Consent by Design is specified in a number of ways,

  • Digital Privacy Transparency, referring to the presentation of notice, notifications and disclosures are presented in a way that mimics the physical how people, notice, permission and consent.  In particular,  humans manage consent while systems manage permission (an instance of a consented surveillance context)

  • The PII Controller notice record is standardized and used to generate a receipt, which is a verifiable credential. In this context the PII Controller automatically becomes the gatekeeper to PII (aka the relying party) to verify the digital relationship presented in the receipt.

  • Rather that identifying the individual up front and taking their meta data. The individual can define and present their own digital identity, identifiers, credentials according to context using receipts as verified credentials, for security, safety and trust when interacting online.  (AuthC)

  • Very Canadian approach, in that permission is first required to introduce a new purpose for consent, and the individuals consent is implied by engagement and capture in a notice record.

  • Notification and disclosure can be capture with standard 29100 defined notice record and receipt.

  • Semantically standard with the W3C Data Privacy Legal Vocabulary, so as to be entirely machine readable legal semantics. Specified to GDPR which mirrors Chapter 1 of the Convention 108+ Transparency Modalities,

  • For and services ANCR’s Records and receipts can be used to demonstrate compliance with Article 30 Records of Processing activities, and in Convention 108+. Article 80 Logging.

  • For individuals a receipt can be used to directly consent (and withdraw consent) to the PII Controller service according to context.

  • Like in real life, in physical interactions, the individual is anonymous to begin with and the first interaction with a PII Controller/service, the sharing of data is through consensus and consent.

Standardised Digital Privacy Transparency(SDPT) is conceptualized much like bank accounts, in which every personal data processing activity is recorded, and where services provide a record to the bank and the receipt to the individual when interacting with currency.  
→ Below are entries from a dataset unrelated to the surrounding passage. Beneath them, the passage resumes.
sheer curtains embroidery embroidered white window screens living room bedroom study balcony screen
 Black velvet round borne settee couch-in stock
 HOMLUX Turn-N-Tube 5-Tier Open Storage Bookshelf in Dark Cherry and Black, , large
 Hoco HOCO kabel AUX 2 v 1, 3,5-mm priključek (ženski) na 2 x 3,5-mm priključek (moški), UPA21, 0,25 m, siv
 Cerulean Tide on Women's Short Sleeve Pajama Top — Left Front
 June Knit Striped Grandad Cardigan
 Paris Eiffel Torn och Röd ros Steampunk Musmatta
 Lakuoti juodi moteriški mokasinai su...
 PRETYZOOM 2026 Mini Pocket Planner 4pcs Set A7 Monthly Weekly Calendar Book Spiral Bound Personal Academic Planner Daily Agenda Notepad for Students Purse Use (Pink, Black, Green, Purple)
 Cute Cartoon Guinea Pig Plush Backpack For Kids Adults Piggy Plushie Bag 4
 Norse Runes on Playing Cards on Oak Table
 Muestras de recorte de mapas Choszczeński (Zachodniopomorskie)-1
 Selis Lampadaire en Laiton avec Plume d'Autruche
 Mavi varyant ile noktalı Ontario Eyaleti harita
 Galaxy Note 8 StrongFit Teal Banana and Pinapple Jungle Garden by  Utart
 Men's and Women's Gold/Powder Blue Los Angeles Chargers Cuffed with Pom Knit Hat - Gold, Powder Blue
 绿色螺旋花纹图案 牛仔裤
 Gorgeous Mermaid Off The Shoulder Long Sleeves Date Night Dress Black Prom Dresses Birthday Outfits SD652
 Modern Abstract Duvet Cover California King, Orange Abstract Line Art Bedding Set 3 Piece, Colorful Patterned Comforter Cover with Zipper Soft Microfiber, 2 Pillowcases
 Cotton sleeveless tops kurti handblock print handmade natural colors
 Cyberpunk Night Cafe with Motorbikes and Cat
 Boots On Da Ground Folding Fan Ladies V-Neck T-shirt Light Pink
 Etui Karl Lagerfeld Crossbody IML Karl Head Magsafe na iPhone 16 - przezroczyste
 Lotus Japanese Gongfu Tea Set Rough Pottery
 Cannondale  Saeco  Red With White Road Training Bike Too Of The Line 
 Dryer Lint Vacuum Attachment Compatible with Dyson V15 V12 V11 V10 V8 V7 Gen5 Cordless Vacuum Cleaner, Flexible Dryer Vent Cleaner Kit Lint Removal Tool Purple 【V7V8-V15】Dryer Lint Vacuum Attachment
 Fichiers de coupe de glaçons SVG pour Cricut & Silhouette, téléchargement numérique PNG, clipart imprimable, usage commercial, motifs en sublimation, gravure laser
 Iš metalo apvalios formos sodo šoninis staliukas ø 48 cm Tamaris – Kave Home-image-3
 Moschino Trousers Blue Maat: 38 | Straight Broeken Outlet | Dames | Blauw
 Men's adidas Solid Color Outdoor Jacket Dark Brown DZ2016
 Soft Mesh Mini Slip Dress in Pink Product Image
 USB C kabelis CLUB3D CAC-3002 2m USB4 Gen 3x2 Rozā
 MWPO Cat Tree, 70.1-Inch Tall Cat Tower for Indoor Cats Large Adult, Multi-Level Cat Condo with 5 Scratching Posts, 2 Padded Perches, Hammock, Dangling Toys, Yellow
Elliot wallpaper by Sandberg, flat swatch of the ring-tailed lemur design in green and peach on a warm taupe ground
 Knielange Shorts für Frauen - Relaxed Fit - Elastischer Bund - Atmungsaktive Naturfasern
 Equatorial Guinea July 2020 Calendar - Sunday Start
SDPT, requires that all surveillance, data processing, capture, and inference be identified, notified, with the risks of secondary and extra-territorial disclosure,  provided through notification just in time, prior to processing dynamically in context, to provide high assurance.  

Notification, notification and disclosure requirements for technologies performance internet based governance functions are specified in Commonwealth International Privacy Convention 108+ and mirrored in the GDPR.  These are legally specified to  inform the individual about the identity of the PII Controller, if there is a DPO Delegate, for  1 of the 6 legal justifications for processing personal information, from the legal context of existing consent in common spaces.  (known as consensus)   

SDPT as specified in the ANCR WG, takes into account Data Control, Data Protection, and whether or not the data trust is co-regulated, in order to measure how operational digital transparency is, assess technical risk and capacity for liability mitigation in a specific context.